The FLSA requires that employees receive overtime pay for hours worked over forty hours each workweek. The white-collar exemption excludes employees in a “bona fide executive, administrative, and professional capacity” from this requirement. In determining whether an employee qualifies for the white-collar exemption, the DOL provides a salary test. The DOL’s most-recent rules nearly doubled the standard salary needed to qualify for the white-collar exemptions from $455 per week ($23,660 per year) to $913 per week ($47,476 per year).

On September 20, 2016, 21 states and more than 50 business organizations filed suit in federal court challenging these new rules. The states claim the new rules will increase costs, forcing them to reduce or eliminate government services. The states ask the court to find that the new rules violate the Tenth Amendment (which reserves powers not granted to the federal government for the states), arguing that the rules infringe on states’ authority to dictate wages paid to state employees.

In addition, both the states and the business organizations claim the DOL exceeded its authority in raising the salary standards. They argue that, in enacting the FLSA, Congress did not intend that an employee’s salary would determine overtime-eligible employees and exempt white-collar workers, effectively failing to exempt “bona fide executive, administrative, or professional” employees whose salaries fall below the threshold.
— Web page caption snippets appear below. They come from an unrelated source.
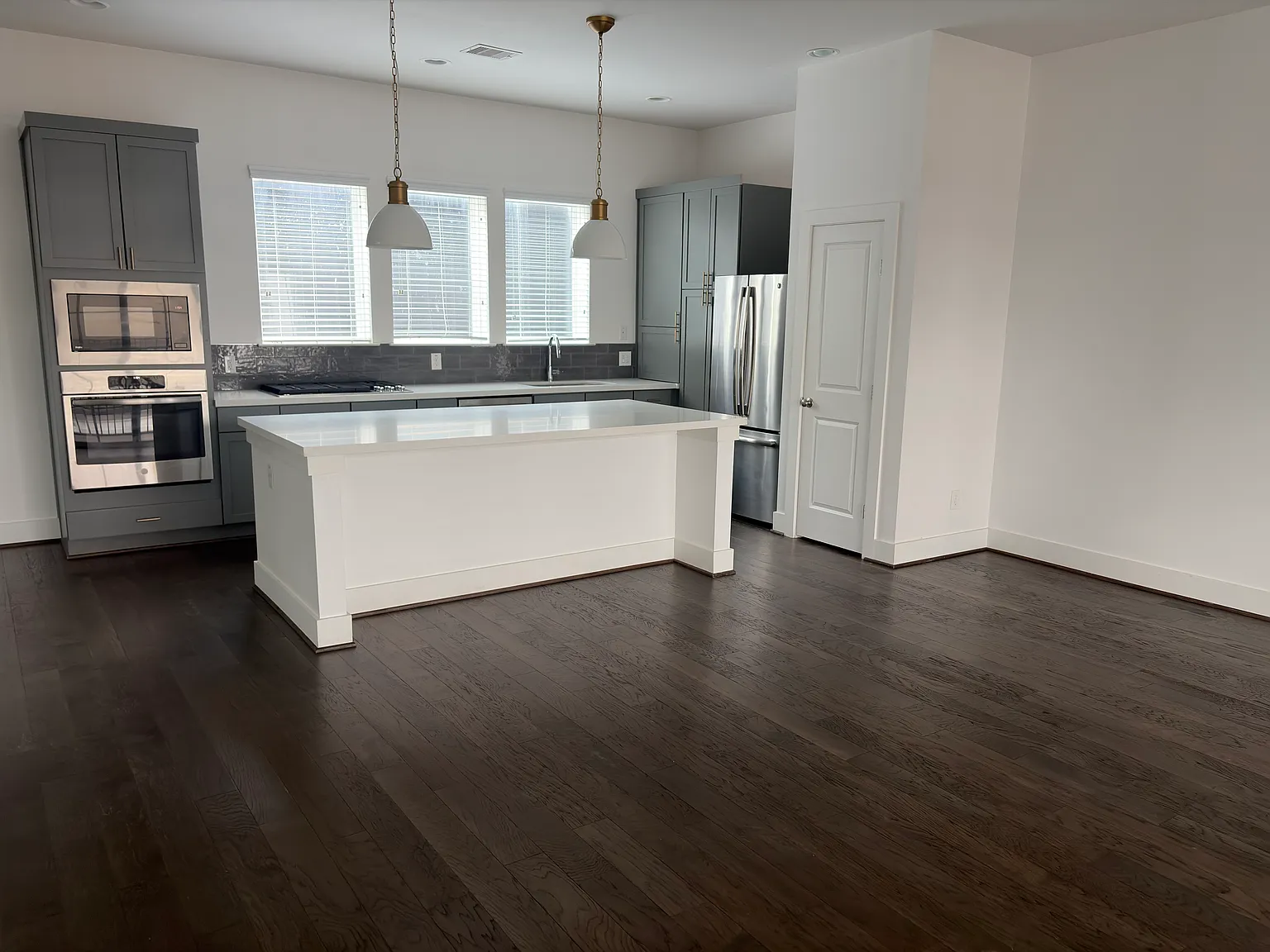 3 bed, 3.5 bath, 2163 sqft, $3,200 — Photo 4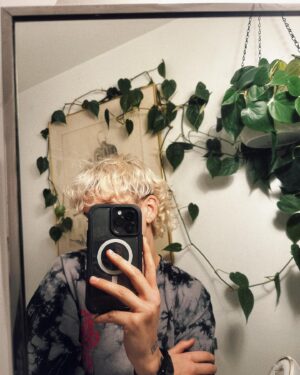 Betty Who Instagram - this one’s for the curls!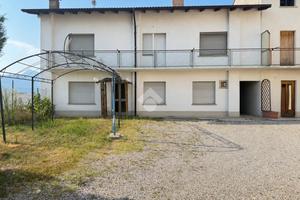 CASA DI CORTE A BUJA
HLERK will continue to monitor these cases and update our clients on significant developments. In the meantime, employers should review their current positions and determine whether exempt positions may no longer be exempt from overtime pay requirements under the new rules. Employers should also refer to the Illinois Minimum Wage Law, which adopts the FLSA’s salary thresholds but provides different duties an employee must perform to qualify as exempt.